When does shuffling occur in Apache Spark?

Question : As for your question concerning when shuffling is triggered on Spark?

Answer : Any join, cogroup, or ByKey operation involves holding objects in hashmaps or in-memory buffers to group or sort. join, cogroup, and groupByKey use these data structures in the tasks for the stages that are on the fetching side of the shuffles they trigger. reduceByKey and aggregateByKey use data structures in the tasks for the stages on both sides of the shuffles they trigger.

Explanation : How does shuffle operation work in Spark?

The shuffle operation is implemented differently in Spark compared to Hadoop. I don't know if you are familiar with how it works with Hadoop but let's focus on Spark for now.

On the map side, each map task in Spark writes out a shuffle file (os disk buffer) for every reducer – which corresponds to a logical block in Spark. These files are not intermediary in the sense that Spark does not merge them into larger partitioned ones. Since scheduling overhead in Spark is lesser, the number of mappers (M) and reducers(R) is far higher than in Hadoop. Thus, shipping M*R files to the respective reducers could result in significant overheads.

Similar to Hadoop, Spark also provide a parameter spark.shuffle.compress to specify compression libraries to compress map outputs. In this case, it could be Snappy (by default) or LZF. Snappy uses only 33KB of buffer for each opened file and significantly reduces risk of encountering out-of-memory errors.

On the reduce side, Spark requires all shuffled data to fit into memory of the corresponding reducer task, on the contrary of Hadoop that had an option to spill this over to disk. This would of course happen only in cases where the reducer task demands all shuffled data for a GroupByKey or a ReduceByKey operation, for instance. Spark throws an out-of-memory exception in this case, which has proved quite a challenge for developers so far.
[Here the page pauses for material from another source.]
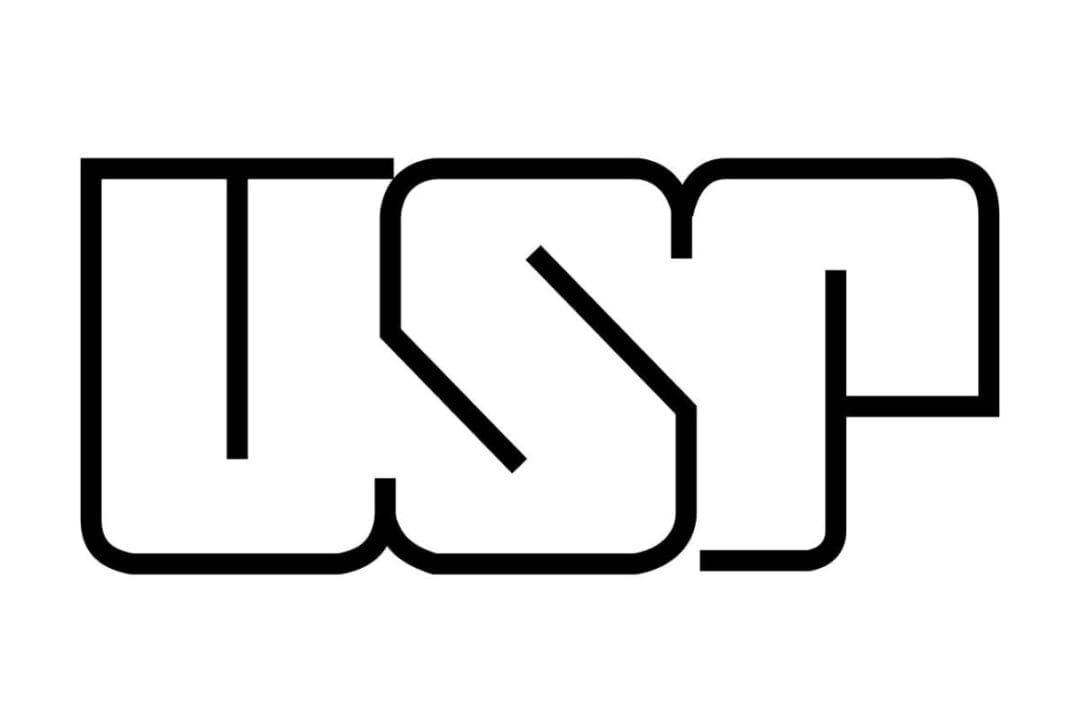 USP libera acervo digital com mais de 8 mil conteúdos gratuitos, Universidade oferece 900 livros e 7.400 publicações científicas online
Also with Spark there is no overlapping copy phase, unlike Hadoop that has an overlapping copy phase where mappers push data to the reducers even before map is complete. This means that the shuffle is a pull operation in Spark, compared to a push operation in Hadoop. Each reducer should also maintain a network buffer to fetch map outputs. Size of this buffer is specified through the parameter spark.reducer.maxMbInFlight (by default, it is 48MB).

For more information about shuffling in Apache Spark, I suggest the following readings :

  • Optimizing Shuffle Performance in Spark by Aaron Davidson and Andrew Or.
  • SPARK-751 JIRA issue and Consolidating Shuffle files by Jason Dai.

It occurs whenever data needs to moved between executors (worker nodes)